#### The data ####
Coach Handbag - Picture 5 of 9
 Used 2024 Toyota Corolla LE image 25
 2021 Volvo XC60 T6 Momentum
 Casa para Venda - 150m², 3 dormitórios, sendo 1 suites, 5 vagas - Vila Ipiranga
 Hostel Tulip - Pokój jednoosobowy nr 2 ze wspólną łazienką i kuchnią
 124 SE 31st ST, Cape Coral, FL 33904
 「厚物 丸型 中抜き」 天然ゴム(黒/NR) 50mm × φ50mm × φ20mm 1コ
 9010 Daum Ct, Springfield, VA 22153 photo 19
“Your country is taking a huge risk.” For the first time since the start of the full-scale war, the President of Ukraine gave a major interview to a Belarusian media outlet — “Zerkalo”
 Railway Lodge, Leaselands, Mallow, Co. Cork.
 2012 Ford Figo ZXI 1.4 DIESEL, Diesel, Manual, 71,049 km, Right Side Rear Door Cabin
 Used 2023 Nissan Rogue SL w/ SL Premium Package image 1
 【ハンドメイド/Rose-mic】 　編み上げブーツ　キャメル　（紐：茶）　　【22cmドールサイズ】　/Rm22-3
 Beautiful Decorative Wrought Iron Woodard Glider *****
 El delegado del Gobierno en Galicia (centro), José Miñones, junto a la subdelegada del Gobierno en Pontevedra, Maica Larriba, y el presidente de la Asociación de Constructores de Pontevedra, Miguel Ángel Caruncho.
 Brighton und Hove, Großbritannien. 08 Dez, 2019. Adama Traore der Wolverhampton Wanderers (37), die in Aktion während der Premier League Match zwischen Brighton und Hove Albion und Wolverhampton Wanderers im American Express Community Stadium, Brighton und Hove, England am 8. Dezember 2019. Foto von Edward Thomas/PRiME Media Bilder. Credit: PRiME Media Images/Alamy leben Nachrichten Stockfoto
####
* Your task: Please retype, exactly as written, every line from the line containing "φ50mm × φ20mm 1コ" through the last line of the records above, including both of those lines, and nothing else.

* Result for this exercise:
 「厚物 丸型 中抜き」 天然ゴム(黒/NR) 50mm × φ50mm × φ20mm 1コ
 9010 Daum Ct, Springfield, VA 22153 photo 19
“Your country is taking a huge risk.” For the first time since the start of the full-scale war, the President of Ukraine gave a major interview to a Belarusian media outlet — “Zerkalo”
 Railway Lodge, Leaselands, Mallow, Co. Cork.
 2012 Ford Figo ZXI 1.4 DIESEL, Diesel, Manual, 71,049 km, Right Side Rear Door Cabin
 Used 2023 Nissan Rogue SL w/ SL Premium Package image 1
 【ハンドメイド/Rose-mic】 　編み上げブーツ　キャメル　（紐：茶）　　【22cmドールサイズ】　/Rm22-3
 Beautiful Decorative Wrought Iron Woodard Glider *****
 El delegado del Gobierno en Galicia (centro), José Miñones, junto a la subdelegada del Gobierno en Pontevedra, Maica Larriba, y el presidente de la Asociación de Constructores de Pontevedra, Miguel Ángel Caruncho.
 Brighton und Hove, Großbritannien. 08 Dez, 2019. Adama Traore der Wolverhampton Wanderers (37), die in Aktion während der Premier League Match zwischen Brighton und Hove Albion und Wolverhampton Wanderers im American Express Community Stadium, Brighton und Hove, England am 8. Dezember 2019. Foto von Edward Thomas/PRiME Media Bilder. Credit: PRiME Media Images/Alamy leben Nachrichten Stockfoto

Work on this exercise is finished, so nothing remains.